PROBLEM STATEMENT:
Repeat exactly the line that contains "K线图基础知识教程 12：黄昏之星K线组合的含义与炒股技巧（图解）" and every line after it, down to the last line of the entries below. Do not include pictures.

+--

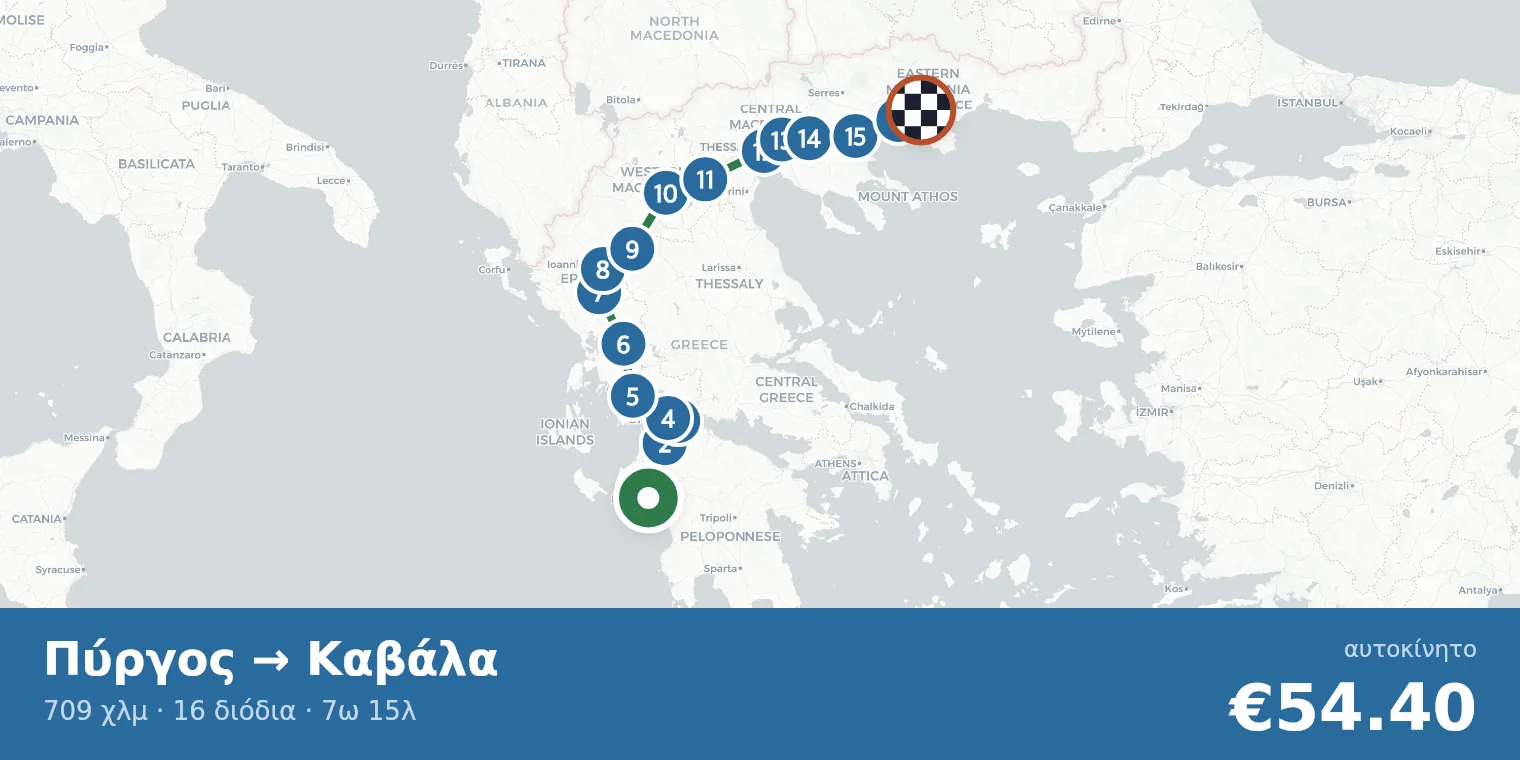 Χάρτης διαδρομής Πύργος → Καβάλα με σημεία διοδίων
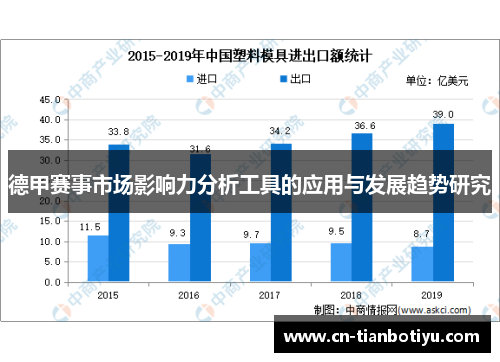 德甲赛事市场影响力分析工具的应用与发展趋势研究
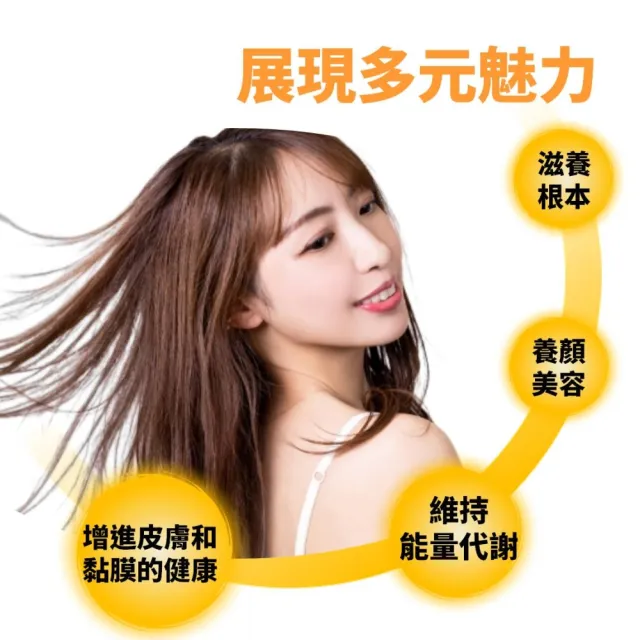 【YT VITA 永騰生技】生物素  5000mcg  1入  共60顆(生物素 biotin   B7 維生素H)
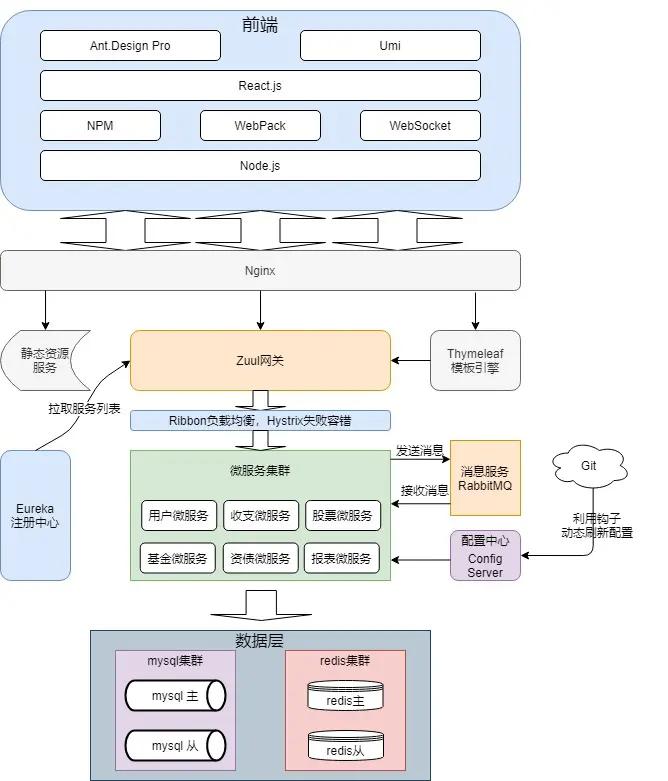 开源资产管理系统软件,开源个人理财系统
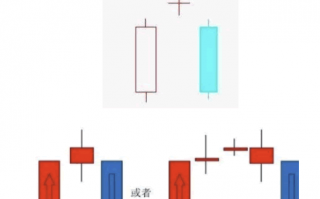 K线图基础知识教程 12：黄昏之星K线组合的含义与炒股技巧（图解）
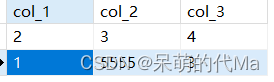 PostgreSQL数据库解决不存在就插入数据，存在就更新这个单元格的数据插图(1)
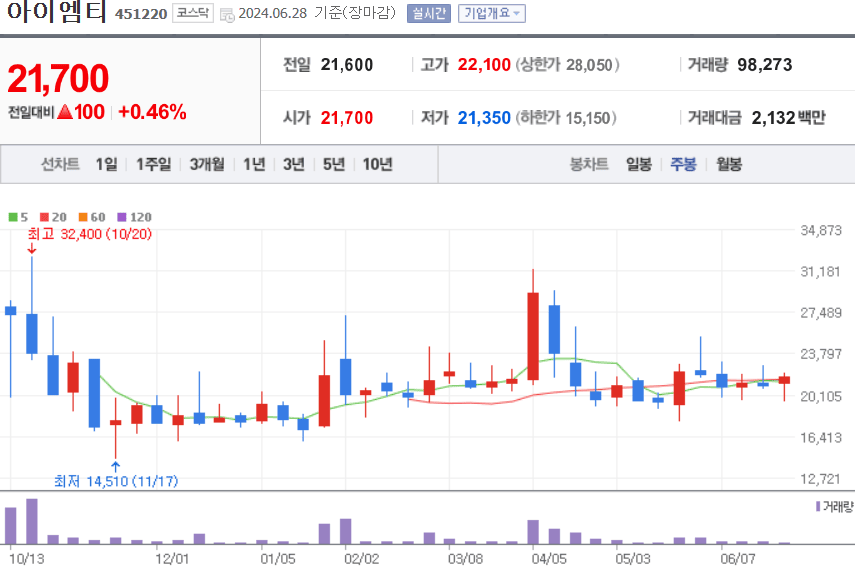 아이엠티 주식 차트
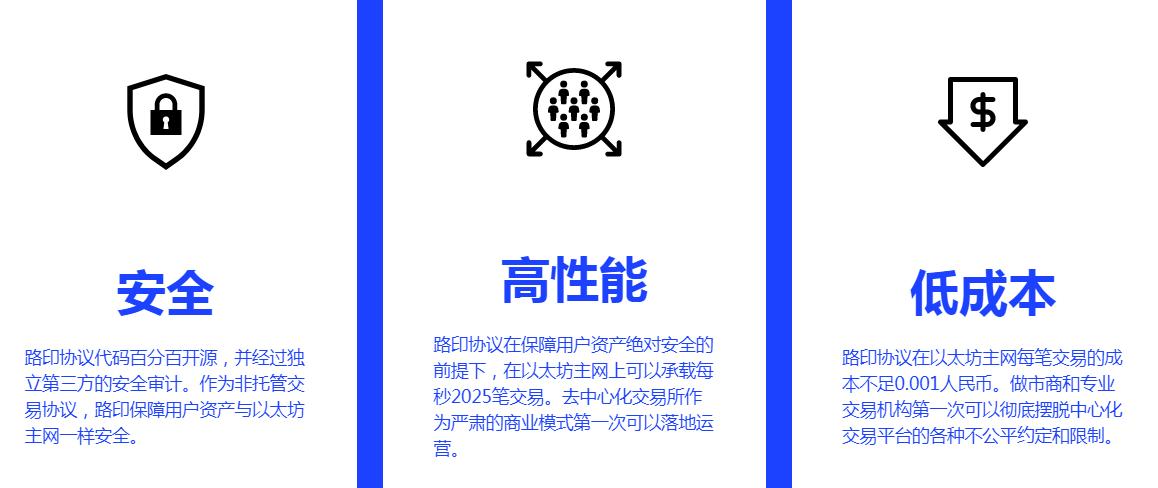 Vitalik，扩容方案的证明安全性在去中心化前的至关重要性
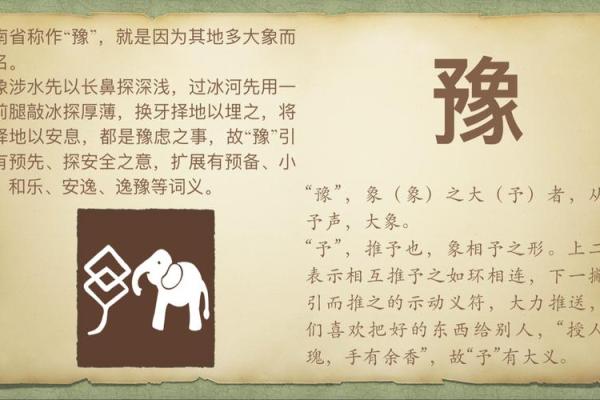 甫字的五行解析:揭开这个字背后的深层含义 甫字的五行解析:揭开这个字背后的深层含义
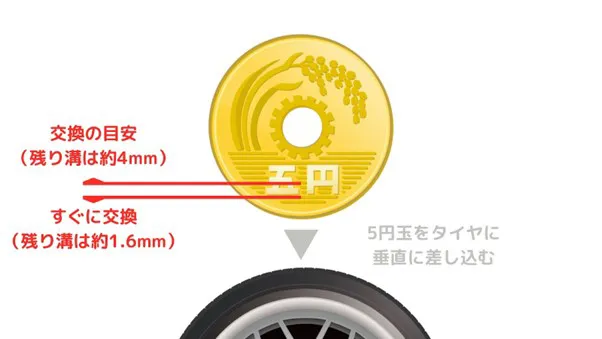 5円玉で測る方法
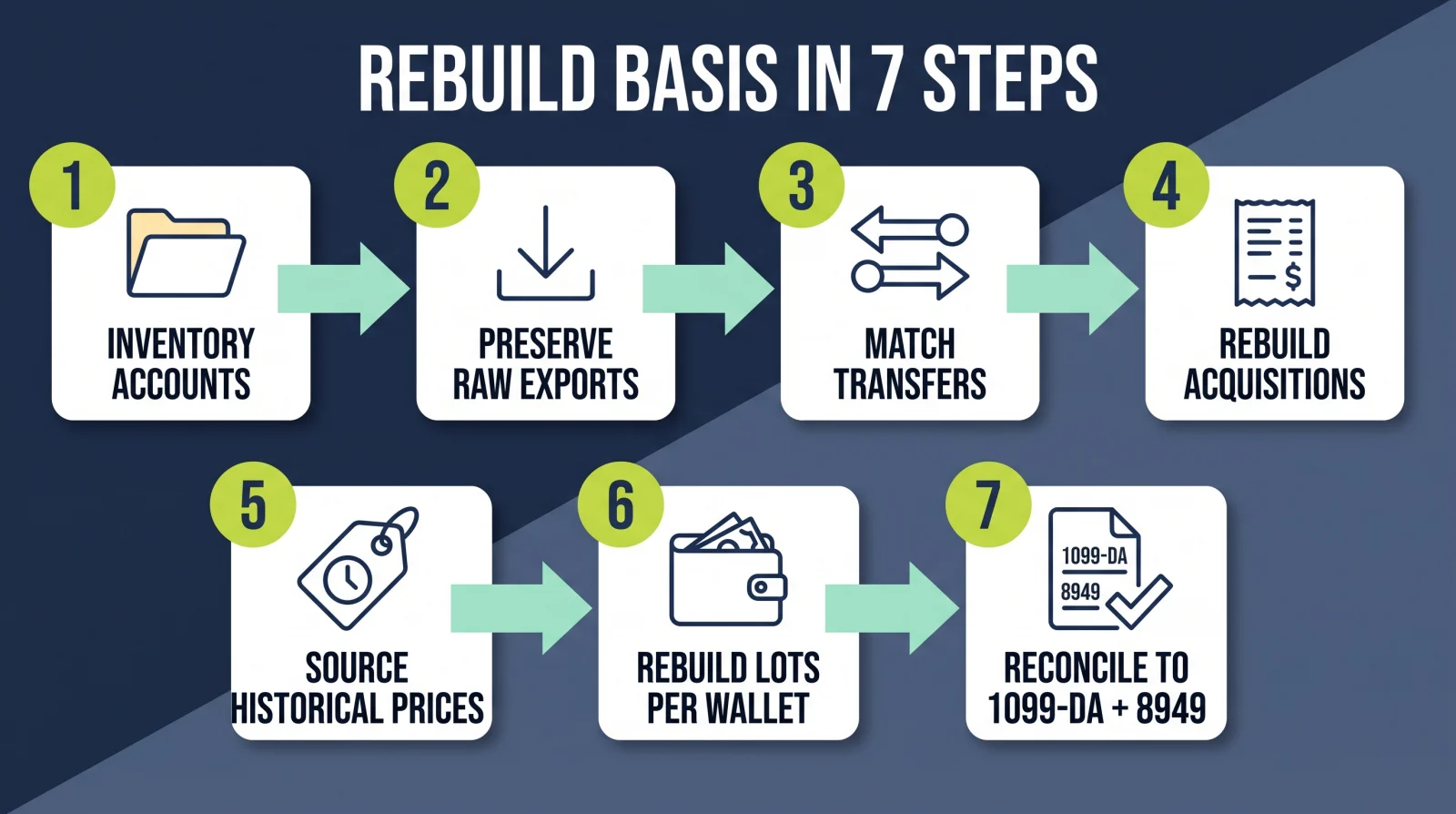 The seven-step workflow for rebuilding missing crypto cost basis, from account inventory to Form 8949 reconciliation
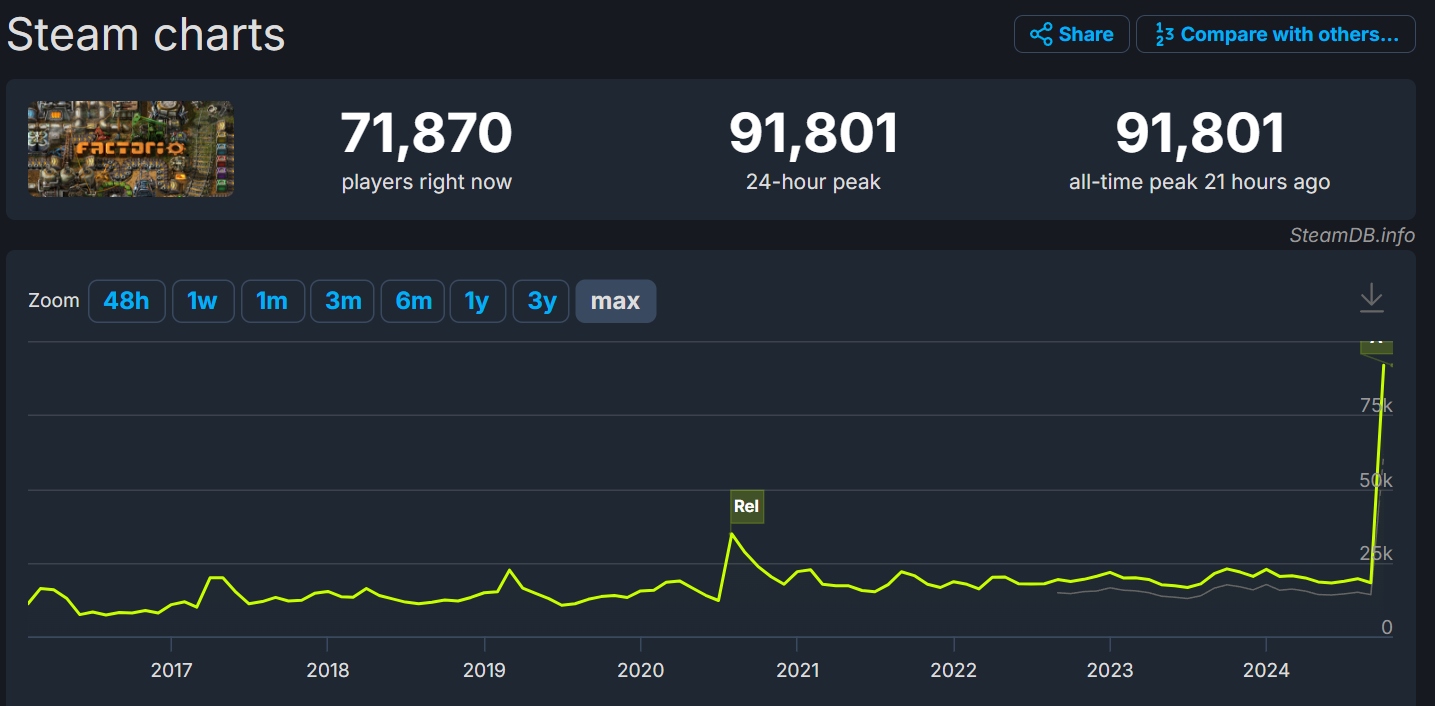 Factorio установила новый рекорд по онлайну в Steam после выхода дополнения Space Age - изображение 1 Factorio установила новый рекорд по онлайну в Steam после выхода дополнения Space Age - фото 1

+--

ANSWER:
 K线图基础知识教程 12：黄昏之星K线组合的含义与炒股技巧（图解）
 PostgreSQL数据库解决不存在就插入数据，存在就更新这个单元格的数据插图(1)
 아이엠티 주식 차트
 Vitalik，扩容方案的证明安全性在去中心化前的至关重要性
 甫字的五行解析:揭开这个字背后的深层含义 甫字的五行解析:揭开这个字背后的深层含义
 5円玉で測る方法
 The seven-step workflow for rebuilding missing crypto cost basis, from account inventory to Form 8949 reconciliation
 Factorio установила новый рекорд по онлайну в Steam после выхода дополнения Space Age - изображение 1 Factorio установила новый рекорд по онлайну в Steam после выхода дополнения Space Age - фото 1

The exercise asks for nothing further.